With County Commissioner Carol Roberts insisting on a countywide recount and County
Judge Charles Burton opposed, LePore was the swing vote.
The vote came after a marathon hand recount of 1 percent of county ballots. While
that sample recount was going on, LePore said she was pressured by local Democrats to support a countywide recount.
She wouldn't name those pressuring her, but described them as "party leaders, elected
officials, John Q. Publics who thought they were big in the party."
LePore voted for a recount "not because of what they said but because I thought
it was the best thing to do."
While Democrats were pressing her to support a countywide recount, LePore said,
two representatives from the Division of Elections there to "assist" the ballot counting seemed to be pushing against a wider
hand count.
"It became somewhat apparent that they were trying to do more than assist, that
being trying to influence their side of the story" LePore said.
"I lost some respect for a lot of people because elections are supposed to be nonpartisan
as far as how they're run," LePore said.
LePore said she's reevaluating her own Democratic affiliation.
"I don't know yet. I'm not changing to Republican, if that's what you're asking.
If anything, I'll change to no party. It's too fresh in my mind right now to make any decisions," she said.
Asked specifically about Harris, who was a honorary co-chairwoman of Bush's campaign
in Florida, LePore said: "When you have the chief elections officer having the appearance of perhaps not being nonpartisan,
it's troubling."
LePore said she was disappointed that Harris did not extend an initial certification
deadline to accommodate hand recounts and that she refused to accept Palm Beach County's hand recount results on Nov. 26 after
the county missed a court-imposed deadline.
But LePore seemed to share Harris' skepticism about the accuracy of hand recounts.
While refusing to second-guess her initial support of the countywide recount, LePore
voiced concerns about the validity of the results.
She doubted, for instance, that a second recount of the same ballots would produce
the same figures.
"Any time you interject humans into a process, the objectivity goes out. Plus (there
is) human error," LePore said.
"You have to rely on the tabulating machines," LePore said. "The machines will
not pick up voter error, and that's basically what was being looked for in the manual recount."
LePore's definition of voter error includes partially punched ballots.
"I consider that voter error, because the voter is instructed to clean the back
of the card," LePore said. "Just because a chad is dimpled or pregnant or whatever you want to call it does not mean the voter
intended to punch that out. The voter may have made a mistake and decided to go on."
She also dismissed the theory that "chad build-up" -- an accumulation of punched
out ballot pieces filling up a voting machine -- might have made it difficult for some voters to punch their ballots thoroughly.

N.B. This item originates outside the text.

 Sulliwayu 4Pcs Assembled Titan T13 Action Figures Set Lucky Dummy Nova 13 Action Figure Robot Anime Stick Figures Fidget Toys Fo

"That was totally unfounded," said LePore, who said her staffer, Enos, had filled
a machine with chads and still had no difficulty punching a ballot.
LePore said the county's voting machines "are basically on lock down" and her office
will examine them to see if there were any problems with them that made it more difficult for voters to punch their ballots
properly.
A Palm Beach Post analysis last month found that precincts using Data Punch machines
had nearly three times the rate of under-votes, those in which tabulating machines could not detect a decision, as precincts
using Votomatic machines.
Even before this election, LePore has said, she was eyeing a new voting system
to replace punch cards. LePore, who was reelected to a second four-year term this year without opposition, plans to pursue
that goal soon.
First, though, she hopes to take a breather from the elections.
"I was in prison for three weeks there" during the recount, she said. And since
then, "I have not had that crash-and-burn time. . . . I haven't had time to just relax."
She has no intention of getting extended relaxation, however. Municipal elections
start next month. And, despite calls from some critics for her resignation, LePore plans on sticking around.
"I'm elected for four more years and we'll see what happens then," she said Friday.
"I love my job."
george_bennett@pbpost.com
Panel sees end to punch-card system
By Mary Ellen Klas, Palm Beach Post Capital Bureau Wednesday, January 10, 2001
TALLAHASSEE -- Persuaded that the courts have virtually ordered Florida to use
uniform voting technology, the governor's task force on election reform Tuesday concluded the state can never return to the
punch-card system in a statewide election.
But the 21-member panel stopped short of endorsing the optical ballot scanning
machines for each precinct.
"There is an emerging consensus on them, but there are still some things we need
to understand," said Edward "Tad" Foote, co-chairman of the governor's Select Task Force on Election Procedures, Standards
and Technology and outgoing president of the University of Miami.
After hearing from five election experts over two days, the task force agreed to
a list of 20 proposed reforms to Florida's election procedures, standards and technology. The ideas range from offering Internet
voting for military personnel to establishing a permanent committee to make frequent recommendations about updating Florida's
voting systems. And, Foote said, they represent "just the beginning" of their list.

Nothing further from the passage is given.